-------- Recorded information --------

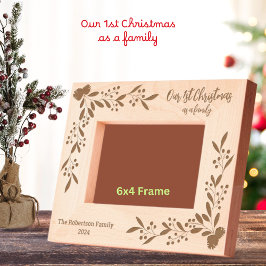 家族としての最初のクリスマスパーソナライズされた レーザー彫刻フレーム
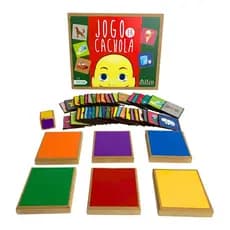 Jogo da Cachola Brinquedo Educativo de Madeira Jogo da Memória Diferente Colorido - Mitra - 6 anos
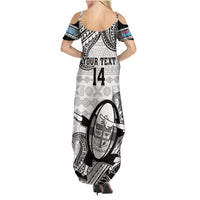 Custom Fiji Tapa Rugby Family Matching Summer Maxi Dress and Hawaiian Shirt Flying Fijian 2023 World Cup With Dabbing Ball LT14 - Polynesian Pride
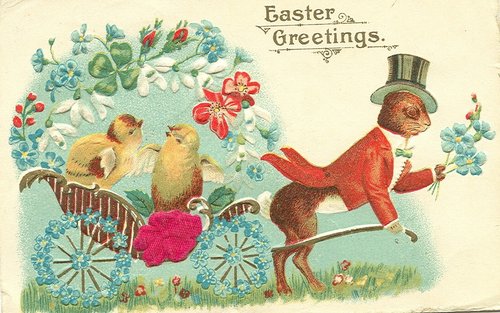 Victorian Easter Greeting Card with Anthropomorphic Rabbit & Chicks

--------

Task goal: Copy out nothing but text: transcribe the listing exactly and skip each picture.

Task response:
 家族としての最初のクリスマスパーソナライズされた レーザー彫刻フレーム
 Jogo da Cachola Brinquedo Educativo de Madeira Jogo da Memória Diferente Colorido - Mitra - 6 anos
 Custom Fiji Tapa Rugby Family Matching Summer Maxi Dress and Hawaiian Shirt Flying Fijian 2023 World Cup With Dabbing Ball LT14 - Polynesian Pride
 Victorian Easter Greeting Card with Anthropomorphic Rabbit & Chicks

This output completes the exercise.